§ We came to this world to LIVE OUT LOUD!
How to Easily Stop Criticizing and Judging
This past week, I went to a personal growth retreat where one of the participants realized that she’s really, really judgmental.
She judged everything… from what people are wearing to where the plants are in somebody’s house to the color of the cupboards in their kitchen.
“Well, at least I’m not judgmental”, I thought to myself. “I’m a pretty open-minded person.”
Hah! I caught myself. I know that whenever I find myself denying having a characteristic I see in others, but don’t particularly like… well, chances are I have it too.
It’s an invitation for me to look a little deeper within.
Of course, I’m judgmental.
We’re all judgmental.
Can you relate?
But here’s the good news – noticing that you judge (and then probably criticize and blame) is a portal to personal transformation.
You can quickly help you identify what’s REALLY going on with you and transform the judgement into compassion and love, so that you honor and take care of yourself, while treating others with kindness and love.
Once I realized this and started applying a simple technique I learned to my life, everything changed for the better. I feel better about myself – kinder and more compassionate – and I find my relationships are much more harmonious too.

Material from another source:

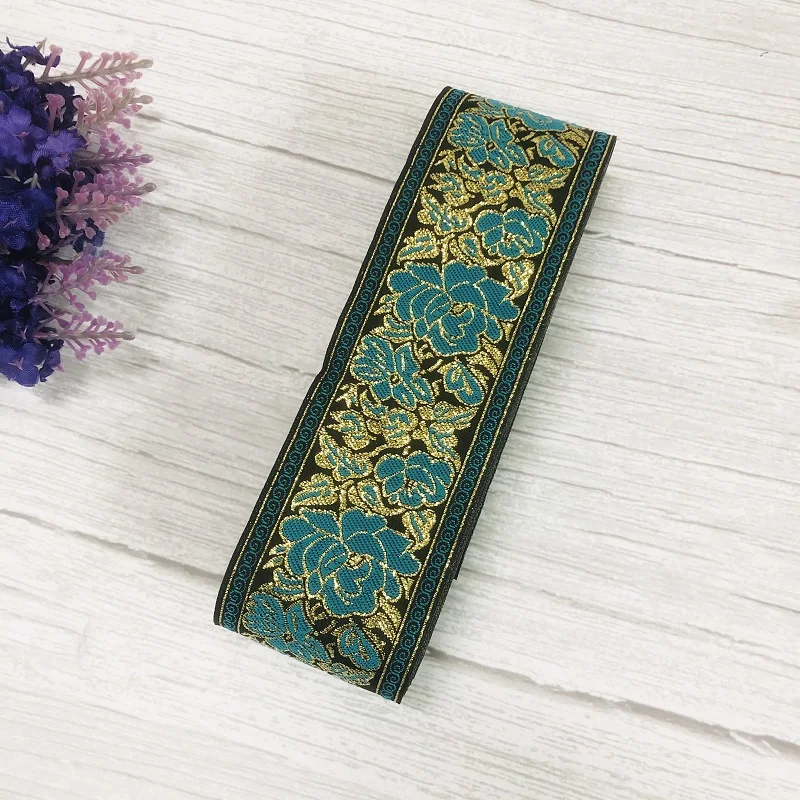 Wide 5 CM 10 Yards/lot Woven Jacquard Ribbon Flowers Pattern For Clothing Accessories CH-9292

I love connecting with you! Leave a comment below or send me an email at natalie@nataliematushenko.com.
Happy Tuesday!
Natalie
Be willing to learn and grow on the journey of life with respect.
Yes John!
Thanks, I, like you, have the first reaction “I’m not judge mental”. This is a great teaching on how to look deeper into this. I will definitely use this.

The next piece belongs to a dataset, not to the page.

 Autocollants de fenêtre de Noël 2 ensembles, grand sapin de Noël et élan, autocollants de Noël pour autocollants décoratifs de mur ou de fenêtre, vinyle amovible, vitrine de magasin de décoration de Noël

Thanks Robin! It’s not easy to look at the mirrors life provides us but so worthwhile. Thanks for getting in touch! xoxo
Thanks for this video – helps me to look deeper to find where I’m being judgmental and how to deal with that in the moment it’s happening.

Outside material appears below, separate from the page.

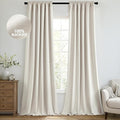 MIULEE 100% Blackout Back Tab Pleat Linen Curtains 50" Wx94 L, Birch | 2 Panels by MIULEE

Thanks Michele! So appreciate you taking the time to comment!
Thanks Michele! I love sharing whatever new ‘ahas’ I get in the hope that they will help others too. xoxo
I think it is important to distinguish between judgement and discernment – which is helpful to grow ! I often notice a confusion between those two, especially in spiritual communities (who are so concerned to not judge …)
Their are behaviors who are harmful or disturbing for communities, for relationships, for nature … And I consider it as good to say no to them – beginning of course with yourself ! But also saying no to them, when others are doing them. and sometimes more helpful also for them, than trying to be ‘nice’ by ‘not Judging’, but also not discerning.
Thanks for your food of thoughts 🙂
Have an nice day !
Hi Pia, what you write is very astute. There is a difference between judging and discernment and for me, that has to do with energy, circumstances and also for figuring out what’s best for my life. For instance, to use the case in the video, if I walk into a room and think how ugly the furniture is or how shabbily my host is dressed, I’m judging. If, on the other hand, I’m remodeling my house and somebody suggests that I purchase furniture which I consider ugly, I can be discerning and say, “No thanks, that’s. not for me.” And while that’s a superficial example, it extends to deeper issues as well. I can see somebody behaving in ways that are not loving and judge them “that’s so unevolved, etc.” or I can send them compassion and love yet say “no thanks” when they invite me for coffee (discernment). That’s my take on it.
This was great, thank you so much for advising how not to judge. Loved it! And will try to put it in practice. I’m very grateful for this.
Thanks Laura! I love to pass along whatever I learn. It gives all the difficult things that come in life meaning if I can use them for myself and share them with others.
Thanks Laura! xoxo
Thank you Natalie for sharing your vulnerability as this opened up for me my own “need”to criticize. I realized how this pattern assists me in pushing away my deep fear of feeling what I really feel.
I aim to make a daily practice of your suggestion of getting curious ( seems fear friendly) about what’s underneath my criticism…
Thanks Cheryl, in turn, for sharing so vulnerably… we’re all in this journey together.
Thank you for this teaching. I do judge myself for judging!
Hi Daryl! Yes and with some work, we begin to have compassion for ourselves. It’s a journey.
Thank you for the info
Happy to help Roger!
Thanks so much for this very pertinent message today Natalie !! I have noticed this, the whisper of judgement inside my head, for some time and have been “working” to transform it in consciousness. So true that what we feel critical of in others can in fact be a mirror for “material” we can transform in ourselves. For example, awhile ago I read somewhere that the word “should” only conveys guilt and inadequacy in our language. I really “hear” this word now, when it tries to escape my lips, and I edit if in the moment, generally sharing with whomever I am speaking the reason why. Thanks again for enlightening my day !! Blessings! Sandi
Hi Sandy! Thanks for getting in touch! What you shared is such a beautiful example of how we transform consciousness, one thought to one word at a time. Blessings to you too!